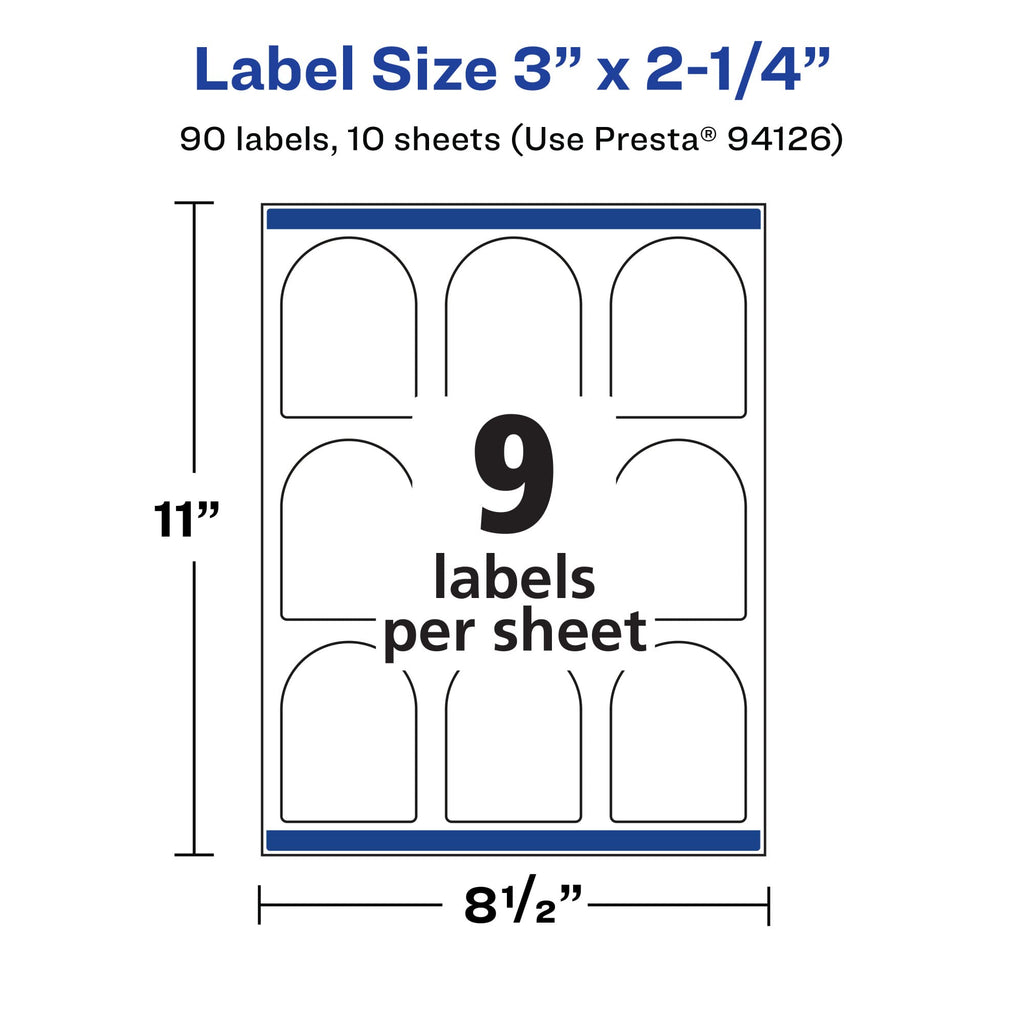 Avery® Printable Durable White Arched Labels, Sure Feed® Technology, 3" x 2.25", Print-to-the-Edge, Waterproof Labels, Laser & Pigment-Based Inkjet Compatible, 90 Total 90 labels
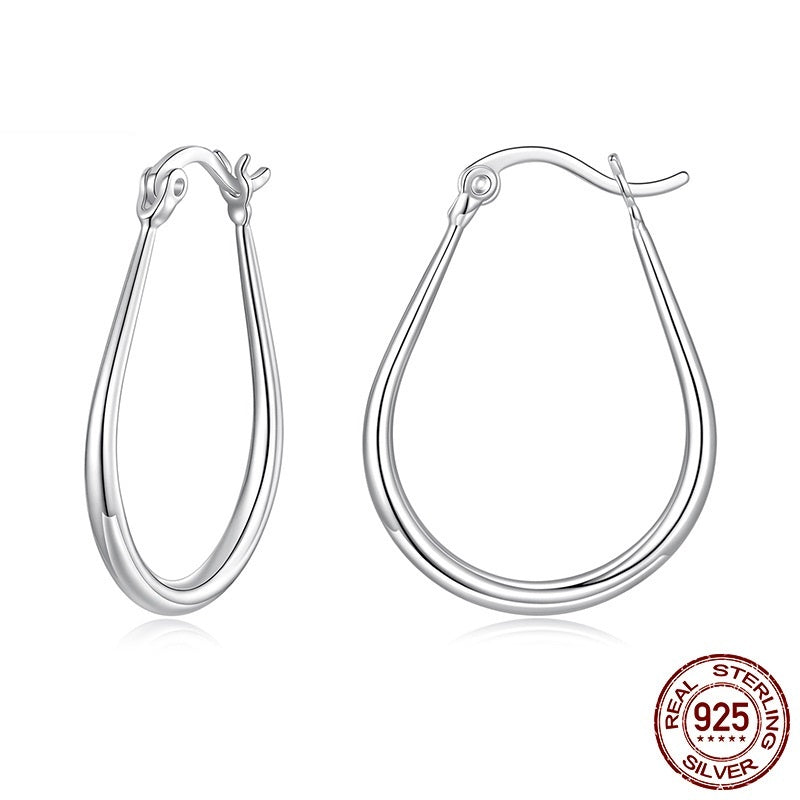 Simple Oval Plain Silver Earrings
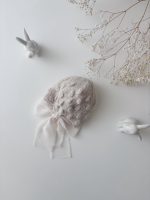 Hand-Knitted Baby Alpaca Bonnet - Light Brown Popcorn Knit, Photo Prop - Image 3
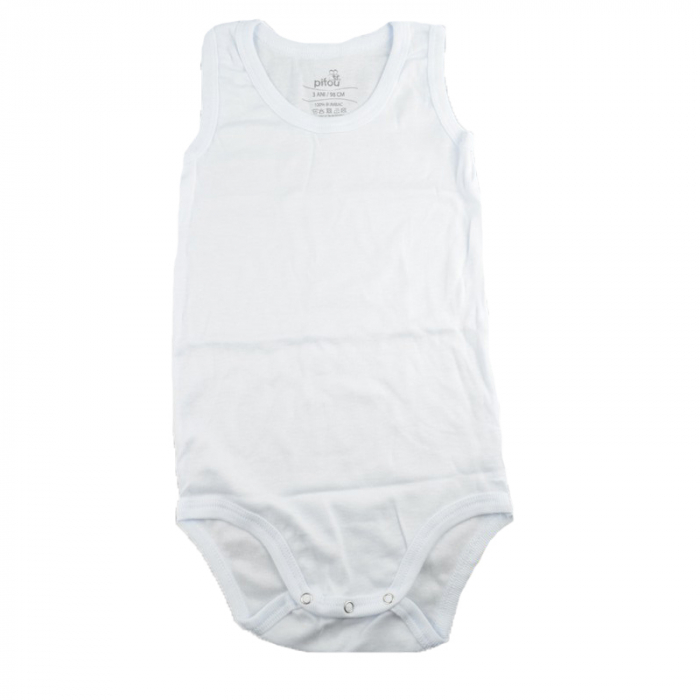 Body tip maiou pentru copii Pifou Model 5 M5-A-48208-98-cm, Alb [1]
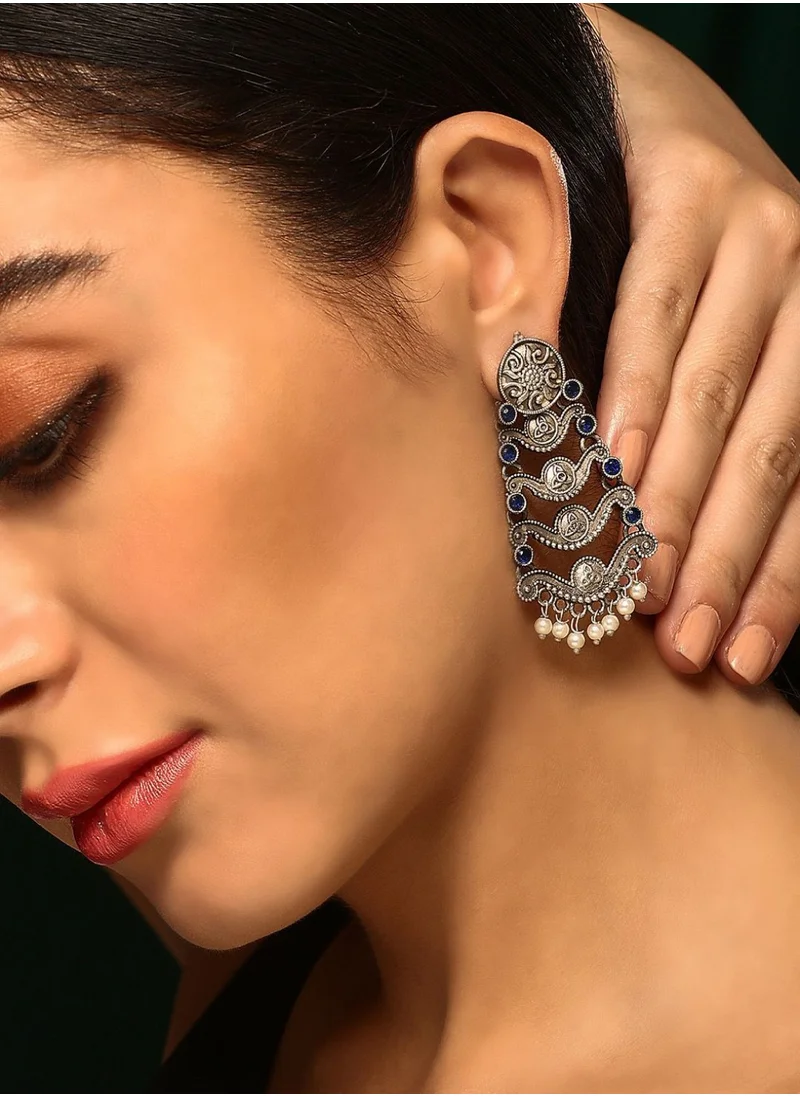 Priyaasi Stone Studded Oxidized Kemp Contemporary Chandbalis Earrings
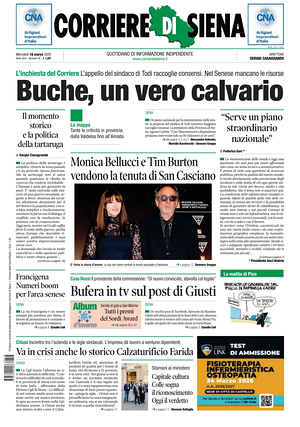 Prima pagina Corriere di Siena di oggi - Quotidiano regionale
---
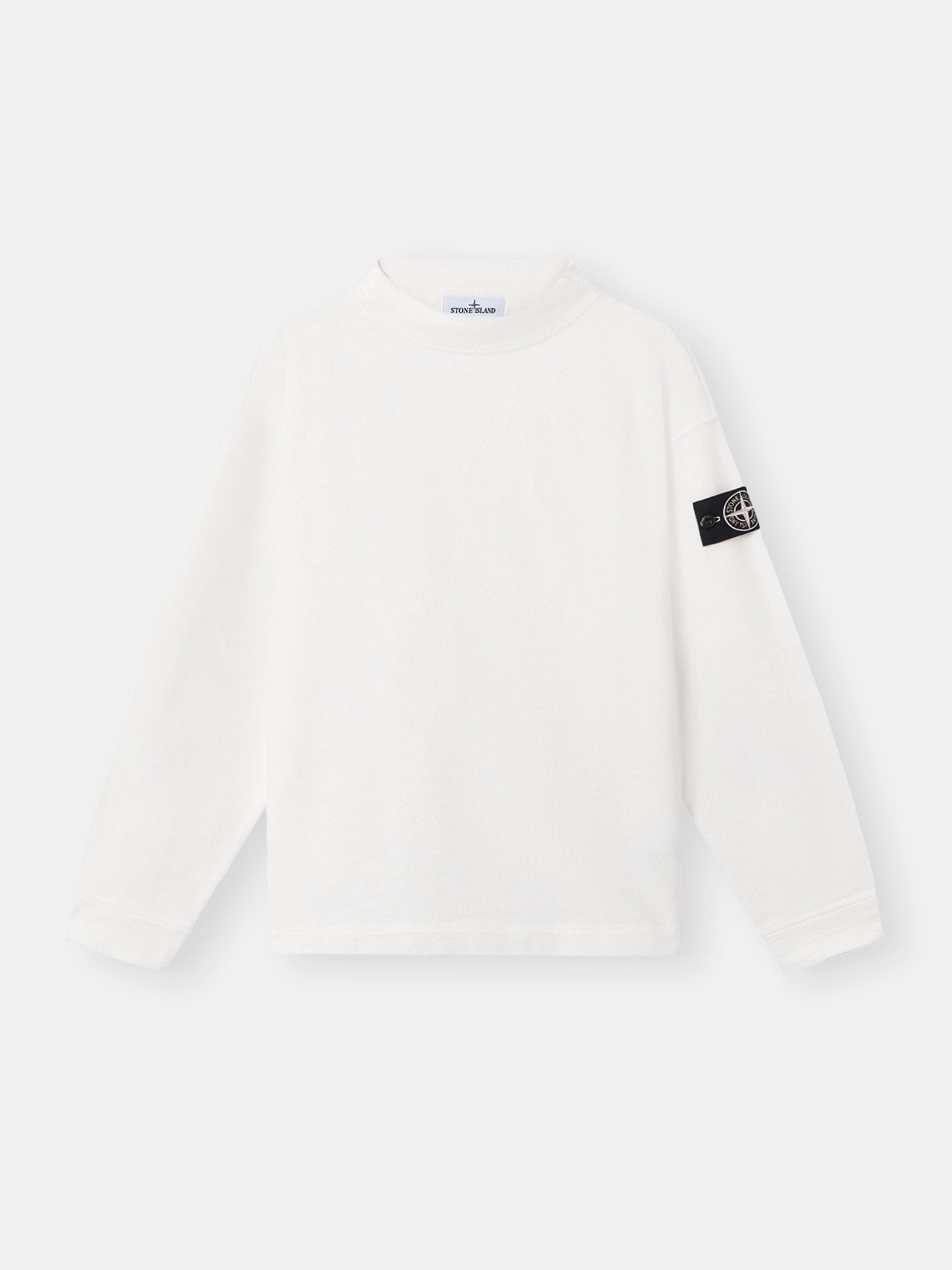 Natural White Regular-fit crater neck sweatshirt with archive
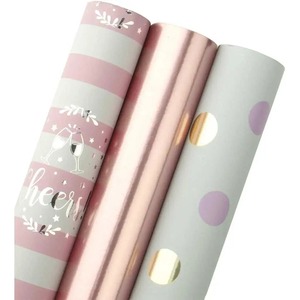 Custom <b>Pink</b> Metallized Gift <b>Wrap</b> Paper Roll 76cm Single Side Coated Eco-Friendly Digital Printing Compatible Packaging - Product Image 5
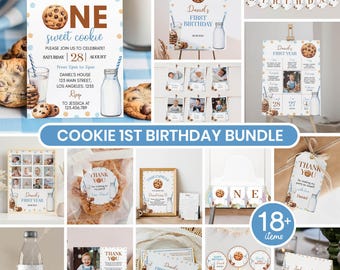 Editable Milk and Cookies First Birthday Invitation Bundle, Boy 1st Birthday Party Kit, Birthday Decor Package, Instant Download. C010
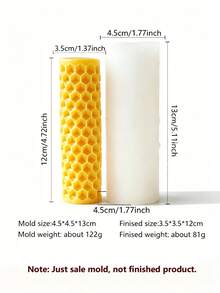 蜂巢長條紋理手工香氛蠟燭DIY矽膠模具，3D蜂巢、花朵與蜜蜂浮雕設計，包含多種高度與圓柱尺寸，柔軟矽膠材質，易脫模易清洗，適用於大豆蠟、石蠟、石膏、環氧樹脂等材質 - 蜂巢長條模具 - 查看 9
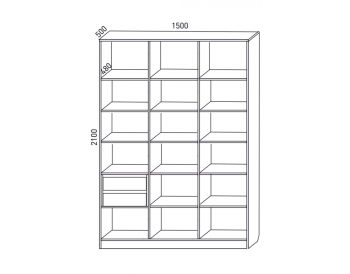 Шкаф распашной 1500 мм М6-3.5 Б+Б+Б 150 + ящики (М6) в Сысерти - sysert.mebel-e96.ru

Task description. Keep to the stretch from the line containing "Avery® Printable Durable" through the line containing "Hand-Knitted Baby Alpaca", both ends included, and copy it exactly from the listing above, minus the pictures.

Result.
 Avery® Printable Durable White Arched Labels, Sure Feed® Technology, 3" x 2.25", Print-to-the-Edge, Waterproof Labels, Laser & Pigment-Based Inkjet Compatible, 90 Total 90 labels
 Simple Oval Plain Silver Earrings
 Hand-Knitted Baby Alpaca Bonnet - Light Brown Popcorn Knit, Photo Prop - Image 3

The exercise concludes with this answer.